U.S. Intellectual History Blog

Confederate Monuments and the Problem of Public Forgetfulness

53acyc

Die Löffelfamilie, Leipzig

For several weeks, I’ve been trying to formulate a post on the Confederate monument issue, but I’ve had a hard time formulating my thoughts. But Tim’s recent, thoughtful post on the issue made me feel that I should just put my thoughts down, however imperfectly.

To cut to the chase: I am less convinced than Tim that simply eliminating Confederate monuments is the right course of action. I sympathize with Tim’s view that these monuments constitute bad history, that bad history, in general, deserves to be corrected, and that these monuments are continuing sources of pain, especially for African American citizens of the states in which they appear. This last point I take particularly seriously. And yet…

As Tim says, it’s a dubious proposition that we learn our history from our monuments…though these particularly monuments reflected a larger, false narrative about the Civil War and Reconstruction that recurred in textbooks, speeches, and other narratives that are more likely sources of citizens’ ideas about the past. But that is, in fact, why I remain unconvinced that simply removing them is the right course of action.

For although these monuments represent a racist and false interpretation of the American past, that Neo-Confederate story has itself been a central ideological pillar of white supremacy since at least 1877. And remembering that story and the damage it has caused is nearly as important a task for public history as understanding the Civil War and Reconstruction themselves.

Americans love to comfortably forget the difficult parts of our past. And when those difficult parts are simply too obvious to entirely forget, we tend to minimize their importance. For example, everyone knows that slavery existed in this country before 1865. And nearly everyone will acknowledge that it was a Bad Thing. But there are all kinds of ways of minimizing its harm or its importance, from John Crowe Ransom’s claim in I’ll Take My Stand that slavery was “monstrous enough in theory, but, more often than not, humane in practice,” to all the old arguments that Southern states’ attempted secession in 1860-61 was about something other than slavery. Even D. W. Griffith’s The Birth of a Nation, which presents an extraordinarily racist, false narrative of the Civil War and Reconstruction, suggests that slavery was an evil, though it blames slavery on New England slave traders and suggests that it was the least bad system for an (unfortunately) multiracial society.

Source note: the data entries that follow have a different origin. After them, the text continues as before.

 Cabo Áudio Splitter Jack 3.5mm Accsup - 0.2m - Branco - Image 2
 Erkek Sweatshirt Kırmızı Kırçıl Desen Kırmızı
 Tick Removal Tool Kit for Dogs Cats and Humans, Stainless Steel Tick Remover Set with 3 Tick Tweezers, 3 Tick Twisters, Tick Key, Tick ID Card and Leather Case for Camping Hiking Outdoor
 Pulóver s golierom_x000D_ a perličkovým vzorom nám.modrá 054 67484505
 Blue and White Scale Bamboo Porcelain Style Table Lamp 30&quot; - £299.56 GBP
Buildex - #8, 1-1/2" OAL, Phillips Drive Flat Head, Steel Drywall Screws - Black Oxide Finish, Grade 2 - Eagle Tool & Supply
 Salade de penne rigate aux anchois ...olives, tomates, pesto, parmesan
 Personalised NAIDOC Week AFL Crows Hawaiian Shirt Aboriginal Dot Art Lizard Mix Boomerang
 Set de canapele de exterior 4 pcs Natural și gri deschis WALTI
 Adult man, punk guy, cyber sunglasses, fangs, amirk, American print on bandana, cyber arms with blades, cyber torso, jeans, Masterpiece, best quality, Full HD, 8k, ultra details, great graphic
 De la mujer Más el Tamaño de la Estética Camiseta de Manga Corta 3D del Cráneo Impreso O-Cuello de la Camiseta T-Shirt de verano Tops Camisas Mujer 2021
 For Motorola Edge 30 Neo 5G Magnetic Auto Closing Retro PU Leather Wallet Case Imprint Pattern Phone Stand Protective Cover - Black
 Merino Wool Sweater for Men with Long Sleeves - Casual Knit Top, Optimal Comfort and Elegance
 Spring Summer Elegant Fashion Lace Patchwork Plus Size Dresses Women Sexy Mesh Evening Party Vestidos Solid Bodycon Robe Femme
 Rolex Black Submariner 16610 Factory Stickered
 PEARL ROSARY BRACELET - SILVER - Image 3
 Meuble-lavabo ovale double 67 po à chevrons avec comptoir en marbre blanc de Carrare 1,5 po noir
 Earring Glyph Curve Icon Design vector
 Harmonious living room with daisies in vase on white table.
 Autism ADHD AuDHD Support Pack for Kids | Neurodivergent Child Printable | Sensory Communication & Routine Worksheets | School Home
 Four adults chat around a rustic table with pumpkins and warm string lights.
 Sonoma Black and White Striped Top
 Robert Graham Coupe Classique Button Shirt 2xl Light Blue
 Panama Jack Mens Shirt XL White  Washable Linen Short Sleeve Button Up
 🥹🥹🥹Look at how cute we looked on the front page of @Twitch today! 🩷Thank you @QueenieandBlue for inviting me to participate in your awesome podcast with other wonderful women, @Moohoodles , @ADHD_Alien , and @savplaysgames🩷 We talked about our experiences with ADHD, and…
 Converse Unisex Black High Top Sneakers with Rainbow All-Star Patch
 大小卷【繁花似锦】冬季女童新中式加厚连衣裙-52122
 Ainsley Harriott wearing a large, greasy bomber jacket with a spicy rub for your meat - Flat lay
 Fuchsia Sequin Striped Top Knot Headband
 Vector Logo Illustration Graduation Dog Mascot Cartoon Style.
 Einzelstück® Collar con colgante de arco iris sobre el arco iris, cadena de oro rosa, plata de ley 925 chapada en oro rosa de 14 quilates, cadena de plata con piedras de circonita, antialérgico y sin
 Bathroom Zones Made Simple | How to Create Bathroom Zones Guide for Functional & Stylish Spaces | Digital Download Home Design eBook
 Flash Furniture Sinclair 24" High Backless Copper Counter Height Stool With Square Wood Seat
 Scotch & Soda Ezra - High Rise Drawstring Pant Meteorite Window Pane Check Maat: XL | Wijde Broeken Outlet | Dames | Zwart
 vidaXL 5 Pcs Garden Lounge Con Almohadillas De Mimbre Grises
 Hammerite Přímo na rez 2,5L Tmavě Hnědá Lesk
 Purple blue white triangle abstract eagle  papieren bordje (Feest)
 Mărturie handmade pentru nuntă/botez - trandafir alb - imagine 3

Those who argue that the Confederate battle flag is “heritage, not hate,” are half right. While it is certainly a symbol of hate, it also part of an unfortunate heritage. And there’s some danger that, once we all acknowledge it as a symbol of hate, we will forget what a central role it played in a consequential understanding of white, Southern identity, especially in the decades after the Brown decision.

And that is my concern about simply removing Confederate monuments, that doing so will encourage another round of self-interested forgetting. And since we are nowhere near conquering the poisonous legacy of white supremacy in this country, that forgetting is particularly dangerous.

But having said that, I’m not prepared to argue that we should preserve all Confederate monuments, because their bad history retains a cultural purchase and their presence is an ongoing source of pain and a symbol of ongoing oppression.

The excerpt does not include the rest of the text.